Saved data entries
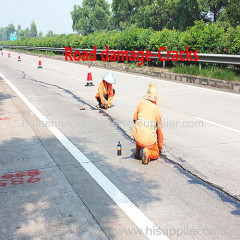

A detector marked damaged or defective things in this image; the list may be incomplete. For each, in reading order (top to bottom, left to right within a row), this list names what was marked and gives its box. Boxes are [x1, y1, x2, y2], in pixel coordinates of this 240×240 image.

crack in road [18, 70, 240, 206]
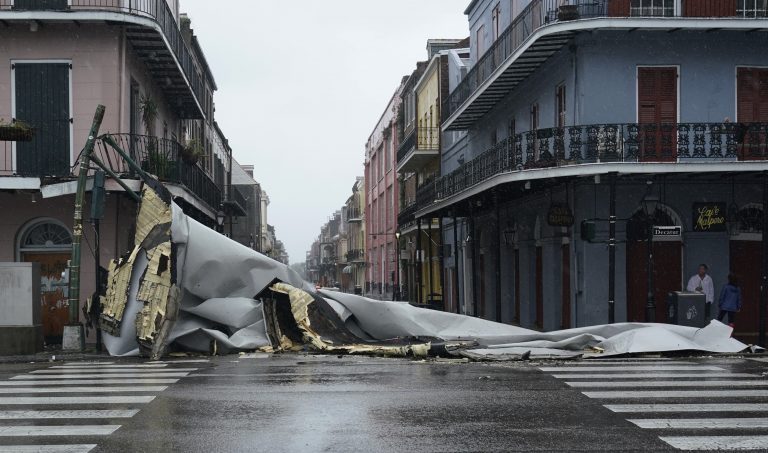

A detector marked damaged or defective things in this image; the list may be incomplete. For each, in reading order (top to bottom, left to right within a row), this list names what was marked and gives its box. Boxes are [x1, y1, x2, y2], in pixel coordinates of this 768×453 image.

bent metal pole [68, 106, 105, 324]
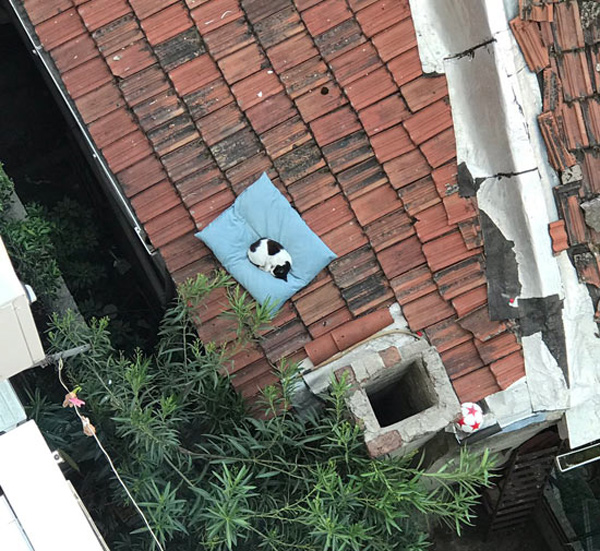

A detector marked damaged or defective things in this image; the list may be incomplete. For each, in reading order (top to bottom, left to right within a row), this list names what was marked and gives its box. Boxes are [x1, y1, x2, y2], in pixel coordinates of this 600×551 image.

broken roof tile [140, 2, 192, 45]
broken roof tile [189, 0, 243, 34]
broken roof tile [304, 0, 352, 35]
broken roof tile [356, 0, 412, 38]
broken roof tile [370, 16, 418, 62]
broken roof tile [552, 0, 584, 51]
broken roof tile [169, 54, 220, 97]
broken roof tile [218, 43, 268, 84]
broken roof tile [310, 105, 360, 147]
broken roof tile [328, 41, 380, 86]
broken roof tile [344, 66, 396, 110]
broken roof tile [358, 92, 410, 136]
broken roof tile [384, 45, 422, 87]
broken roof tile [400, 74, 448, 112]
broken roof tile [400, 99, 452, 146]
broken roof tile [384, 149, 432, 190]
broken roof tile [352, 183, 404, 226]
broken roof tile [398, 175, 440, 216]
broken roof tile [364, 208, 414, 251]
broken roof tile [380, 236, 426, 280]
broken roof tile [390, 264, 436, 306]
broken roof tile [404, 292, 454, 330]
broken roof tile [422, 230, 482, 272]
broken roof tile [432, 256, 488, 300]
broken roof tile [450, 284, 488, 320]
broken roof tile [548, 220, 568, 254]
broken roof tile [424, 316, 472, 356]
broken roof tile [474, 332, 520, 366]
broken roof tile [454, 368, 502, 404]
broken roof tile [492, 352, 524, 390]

● Exercise
Every entry must be retyped exactly, with the pictures removed.

● Solved exercise
A detector marked damaged or defective things in this image; the list may be incomplete. For each, in reading order (top to bottom, left to right within a row), this list names what was marked and gives its box. Boxes are [x1, y1, x2, y2], in pixel coordinates of this 240×240 image.

crack in road [18, 70, 240, 206]

A detector marked damaged or defective things in this image; the list may be incomplete. For each, in reading order (top to bottom, left to right within a row), this list names what was marked and gives its box. Boxes are [x1, y1, x2, y2], in pixel coordinates of this 768×453 image.

bent metal pole [68, 106, 105, 324]

A detector marked damaged or defective things in this image; the list may be incomplete. For each, in reading order (top to bottom, left to right within a row), this list names what was marked and gives its box. Boxes are [x1, y1, x2, y2], in pixel coordinates of this 600×551 image.

broken roof tile [140, 2, 192, 45]
broken roof tile [189, 0, 243, 34]
broken roof tile [304, 0, 352, 35]
broken roof tile [356, 0, 412, 38]
broken roof tile [370, 16, 418, 62]
broken roof tile [552, 0, 584, 51]
broken roof tile [169, 54, 220, 97]
broken roof tile [218, 43, 268, 84]
broken roof tile [310, 105, 360, 147]
broken roof tile [328, 41, 380, 86]
broken roof tile [344, 66, 396, 110]
broken roof tile [358, 92, 410, 136]
broken roof tile [384, 45, 422, 87]
broken roof tile [400, 74, 448, 112]
broken roof tile [400, 99, 452, 146]
broken roof tile [384, 149, 432, 190]
broken roof tile [352, 183, 404, 226]
broken roof tile [398, 175, 440, 216]
broken roof tile [364, 208, 414, 251]
broken roof tile [380, 236, 426, 280]
broken roof tile [390, 264, 436, 306]
broken roof tile [404, 292, 454, 330]
broken roof tile [422, 230, 482, 272]
broken roof tile [432, 256, 488, 300]
broken roof tile [450, 284, 488, 320]
broken roof tile [548, 220, 568, 254]
broken roof tile [424, 316, 472, 356]
broken roof tile [474, 332, 520, 366]
broken roof tile [454, 368, 502, 404]
broken roof tile [492, 352, 524, 390]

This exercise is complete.